Categories: Headlines

China accused of entrapping Sri Lanka through debt

Former Governor of the Central Bank of Sri Lanka Ajith Nivard Cabraal has issued a statement responding to the allegations detailed in the report published by the New York Times. On Monday the 25th of this month, the New York Times published an investigative report headlined ‘How China Got Sri Lanka to Cough Up a Port’.

The report revealed how China had granted Sri Lanka loan facilities at exorbitantly high-interest rates which the New York Times said was the “most vivid examples of China’s ambitious use of loans and aid to gain influence around the world and of its willingness to play hardball to collect.”

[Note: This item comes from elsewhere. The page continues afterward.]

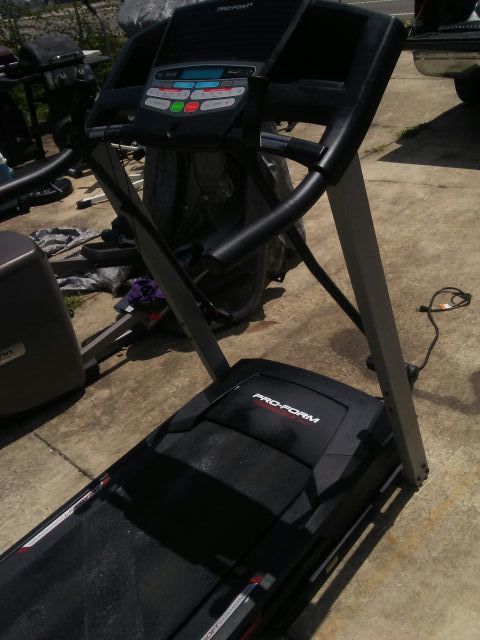 Proform crosswalk 397 treadmill for Sale in Tampa FL OfferUp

The report also revealed that “at least $7.6 million was dispensed from China Harbor’s account at Standard Chartered Bank to affiliates of Rajapaksa’s campaign” in 2015.  Former Governor of the Central Bank of Sri Lanka, Ajith Nivard Cabraal responding to the revelations in the report stated that the author of the article Maria Abi-Habib, was on a mission to provide a pre-determined and completely one-sided viewpoint.

The Former Central Bank Governor says Habib had chosen to ignore all counter points raised by him in his hour-long interview with her. When contacted by News 1st, Maria Abi-Habib said that they “tried to contact Rajapaksa multiple times via phone, email, and Whatsapp,” but did not receive any response.

She adds the Former President’s team should have been able to respond to the 10 VERY detailed questions they sent on multiple occasions over two months. Maria Abi-Habib said she flew to Sri Lanka multiple times to “interview both Mahinda Rajapaksa and Basil Rajapaksa, and never got a positive response about an interview.”

AN IMF WARNING

The International Monetary Fund (IMF) has on several occasions warned Sri Lanka to be cautious about China’s “Belt and Road Initiative”. The IMF made the warning in its 2018 Article IV Consultation and the Fourth Review Under the Extended Fund Facility issued on the 20th of this month.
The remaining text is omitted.